The key weapon the United States has agreed to sell is the Javelin, an anti-tank missile, that was mentioned by Zelensky in his July 25 call with Trump. The United States has decreed that the system may not be used on the front lines, where it might lead to an escalation of force on the Russian side.
But dozens of conversations with Ukrainian soldiers and civilians have revealed how the people feel themselves locked in a David and Goliath fight with Russia. Having the backing of the United States is seen as critical to leveling the playing field a little as Ukraine tries to win back parts of the country now run by Russian-backed separatists.
At the other end of Ukraine, about as far away from Sergeevich’s trenches as you can get, there are clearer signs of US support. Military mentors from the United States join instructors from Canada, the United Kingdom and several other NATO allies to train Ukrainian forces at the Yavoriv Combat Training Center.
On the day of CNN’s visit, Ukrainian soldiers practiced a mounted assault under the watchful eye of US Army Capt. Matthew Chapman.
“I feel very proud of the work we’ve done, the work we’ve put into our training exercises,” Chapman says. “We can see the Ukrainian soldiers, we can see them improve and we can see them become closer as a team and a lethal fighting force.”
When asked about his reaction to the temporary freezing of US aid, Chapman said, “personally, I don’t pay attention to US … foreign policy or politics while I’m here. We are solely focused on the mission at hand … It has not even come up in conversation.”
His Ukrainian counterpart, Lt. Nazar Shpak, agrees. Asked whether the United States is a reliable ally, he nods emphatically “completely, yes, completely.”
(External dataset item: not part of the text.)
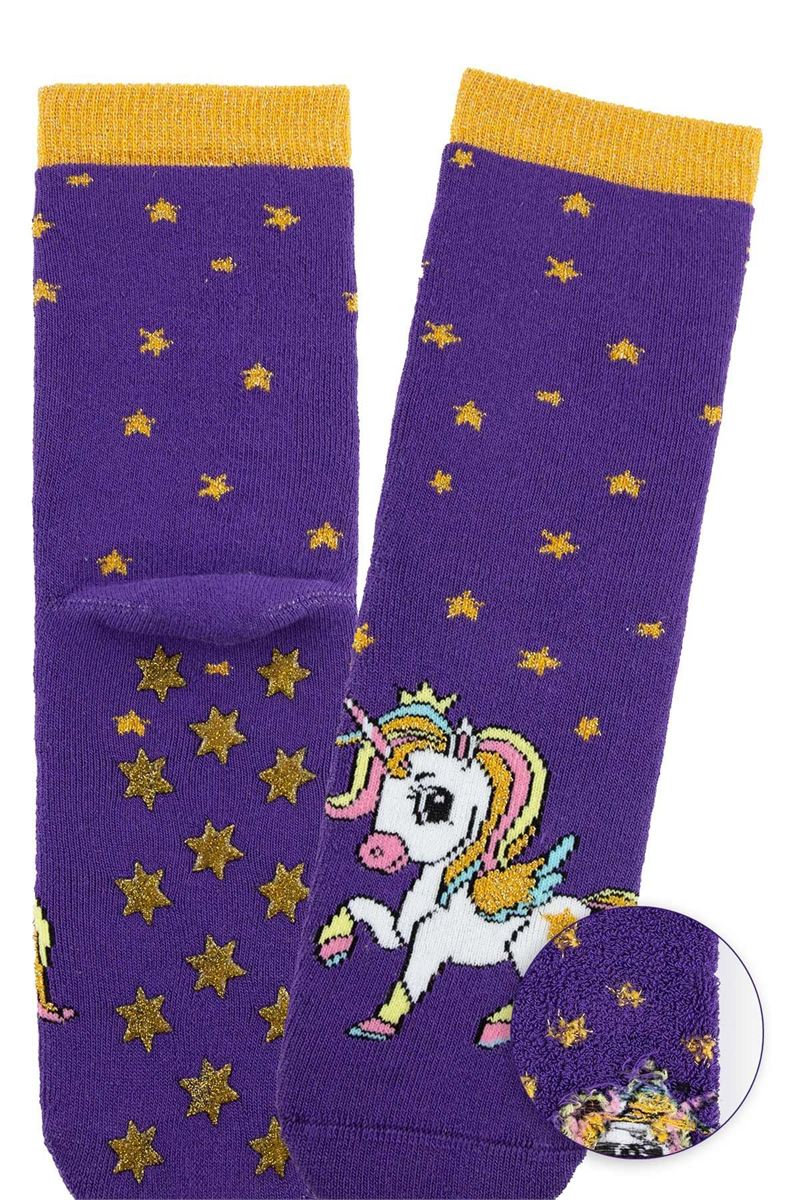 BROSS DARK UNICORN GIRLS’ TERRY SOCKS ASORTY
Concern about Putin, and about Trump
Back in the east, the real impact of this conflict is still unfolding. Nearly 1.5 million people have been displaced as town after town has been smashed by heavy bombardment.
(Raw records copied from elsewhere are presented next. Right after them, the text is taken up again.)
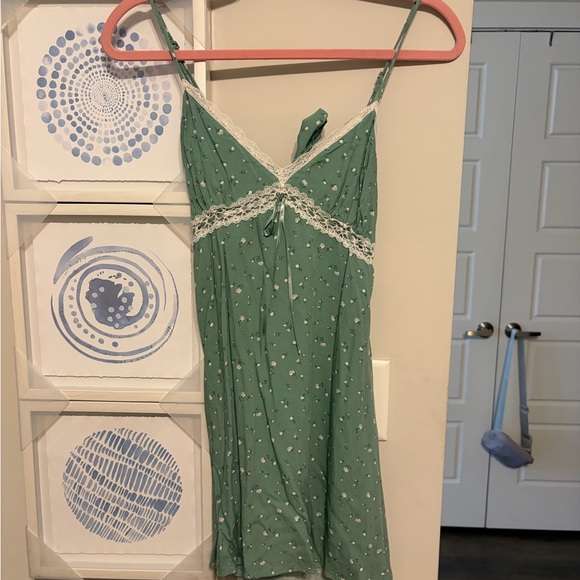 Hollister Other - Hollister Green Floral Lace-Trim Slip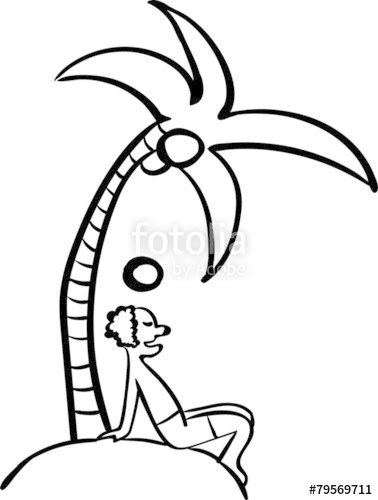 378x500 Sketch Of A Man Resting Under A Coconut Palm Tree Stock Image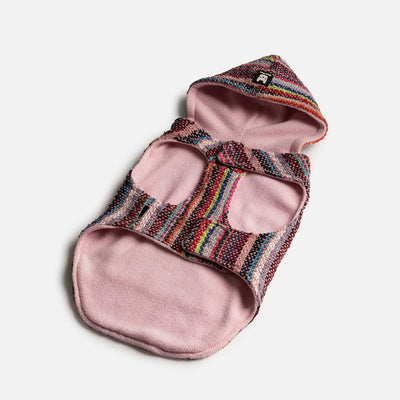 Silver Paw Pink Baja Dog Poncho - Small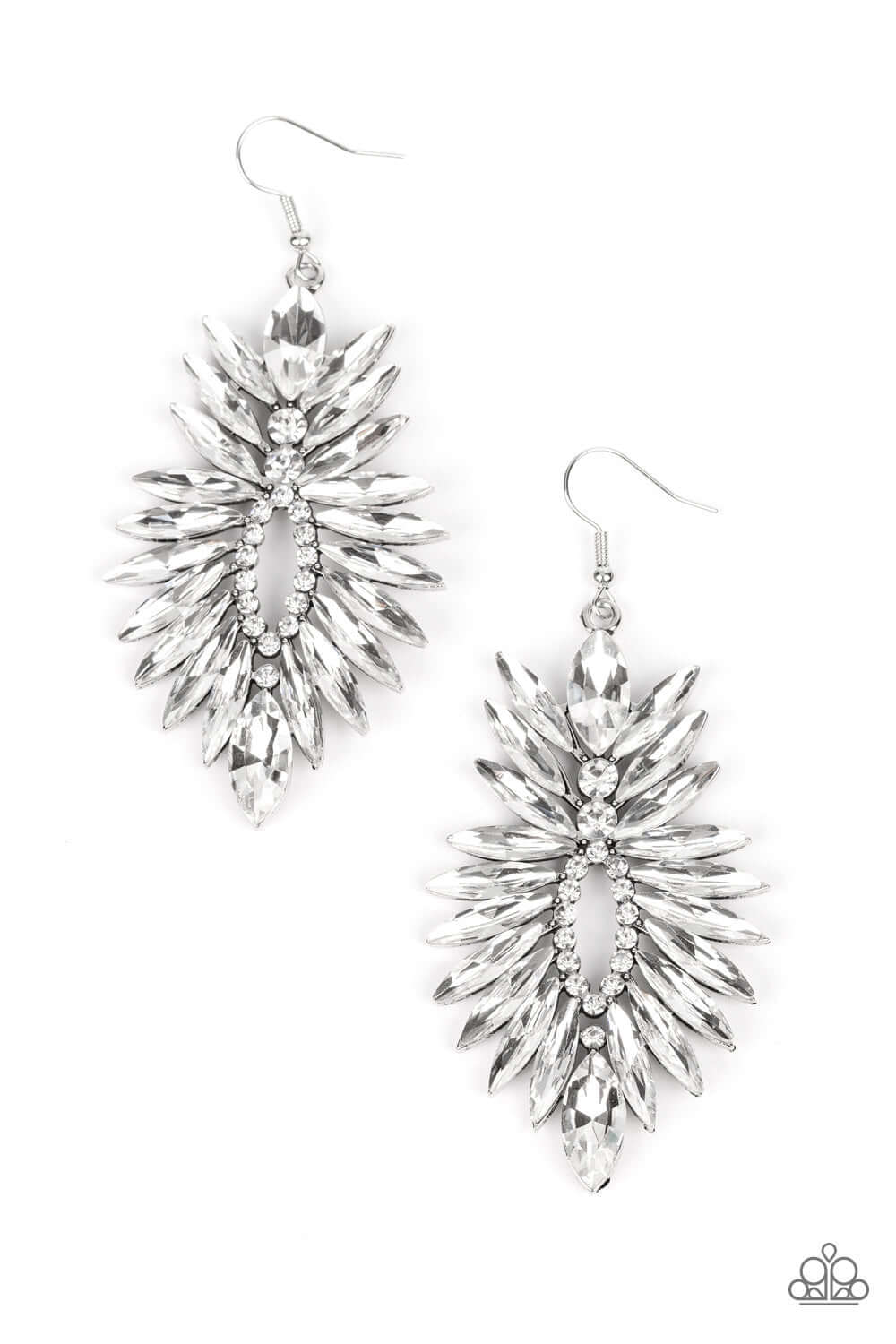 Turn Up the Luxe - White Rhinestone Silver Earring - Paparazzi Life of the Party October 2022 $5 Jewelry with Janet Morgan Earrings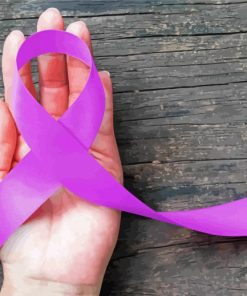 A Purple Ribbon In Hand Paint By Numbers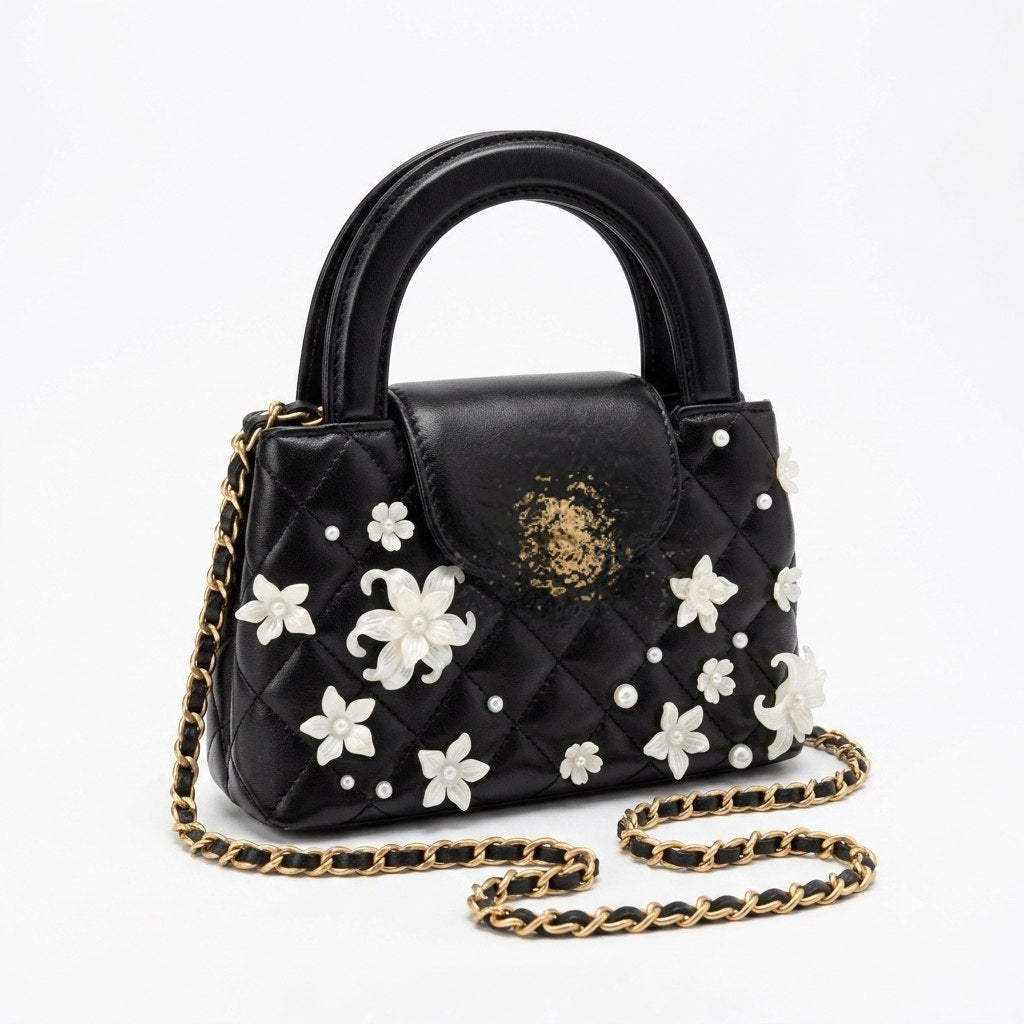 Pearl and Floral Embellished Quilted Flap Bag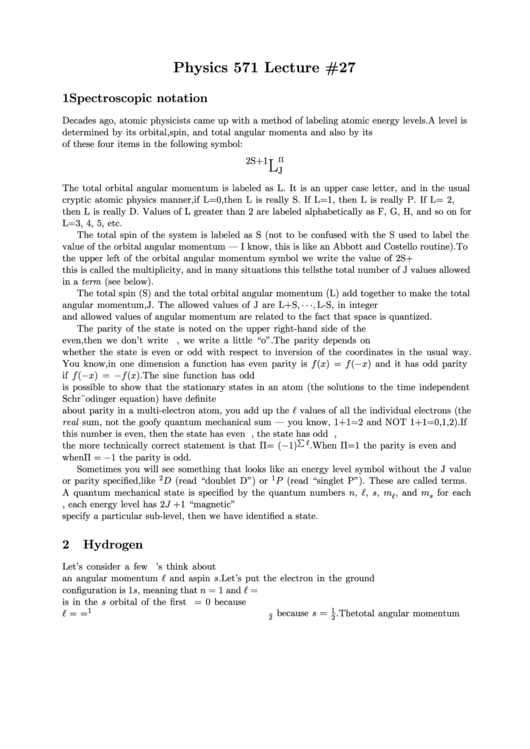 Spectroscopic Notation - Byu Physics And Astronomy Printable pdf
In the mining town of Toretsk, half of the population has left and most of the coal mines are shut. In the central square, the burned-out town hall stands empty, a grim reminder of the bitter battle between separatists who captured the town and the Ukrainian army who forced them out again.
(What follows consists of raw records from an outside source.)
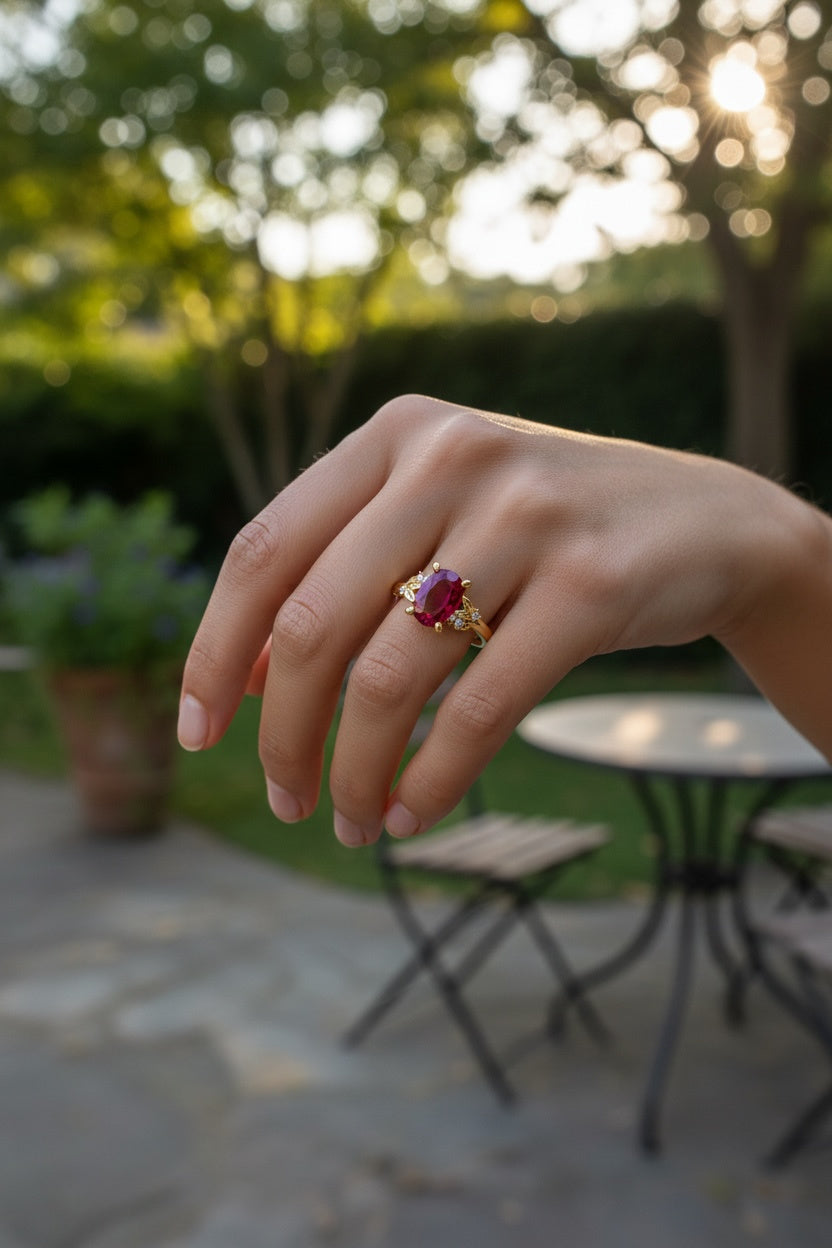 Hand wearing a ring with a large oval cut red ruby gemstone outdoors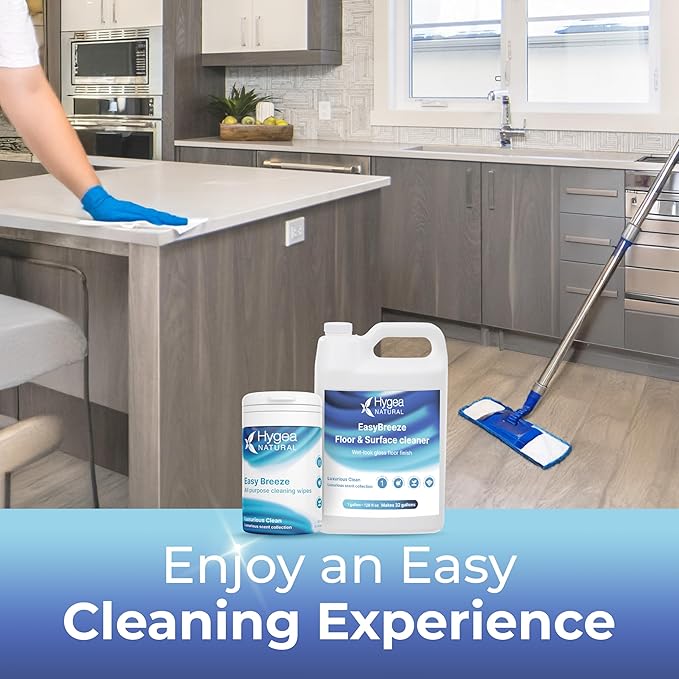 Hygea Natural EasyBreeze Ultimate Cleaning Bundle - PH Neutral Floor &amp Hard Surface Cleaner with All-Purpose Wipes - Luxurious Clean Scented (1 Gallon Floor Cleaner 50 ct. Wipes)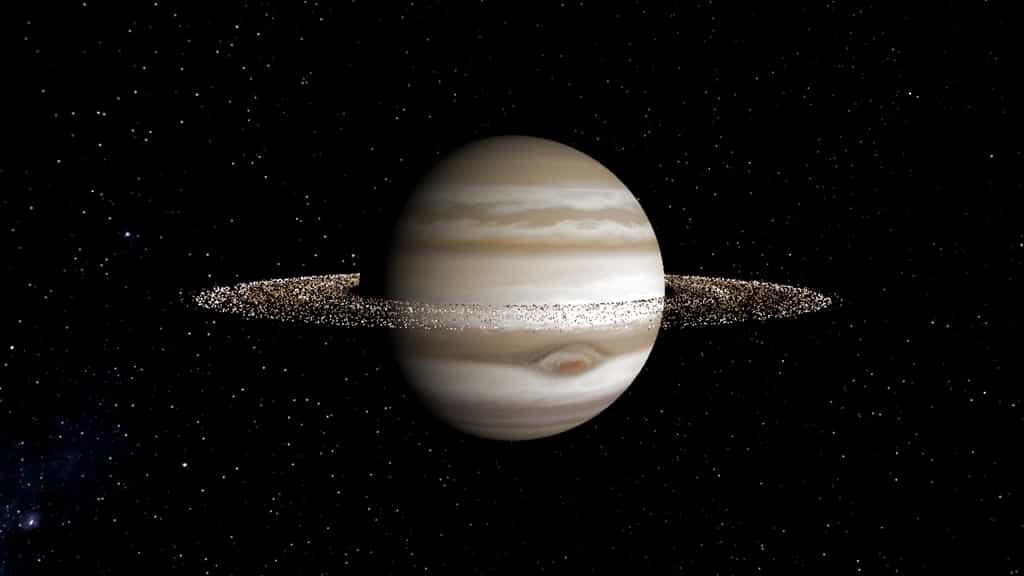 Représentation artistique de Jupiter avec des anneaux qui rivalisent avec ceux de Saturne. © Stephen Kane, UCR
The nearest front line is now more than five miles away, but Leonid Makarov says the fighting is far from over. The 26-year-old history teacher lost one of his students last year. Daria Kazemirova was killed just days after her 15th birthday when an artillery shell fired by Russian-backed separatists landed in her grandmother’s garden, he says.
Makarov still struggles to make sense of it and of President Trump’s seemingly mercurial attitude towards Ukraine and Russia.
“When I hear President Trump say Vladimir Putin is a nice guy — it’s just weird. It concerns me. Putin killed my student.”
At a nearby center for elderly people, Yelena Salaeva says she no longer cares who wins the war. The pensioner was forced to leave her home five years ago after being wounded by shrapnel while picking tomatoes in her garden. She has not been able to go back.
“We just want there to be no more war and for everyone to have their own peaceful life.”
Fears for the future
Last month, Zelensky announced his support for a phased peace plan, in which the occupied areas of eastern Ukraine would get special self-governing status after holding local elections.
But it is a long road ahead and the political crisis in the United States could yet impact Ukraine again. There is a lingering fear that bipartisan support for Ukraine could be poisoned by increasing polarization brought by the impeachment process. And if legislators will no longer stand and speak up together, that could strengthen Russia’s hand.
Back in his trench, Pavel Sergeevich shrugs and says his men will keep fighting, with or without US support.
“We will fight even if the whole world is against us. This is our land. What choice do we have?”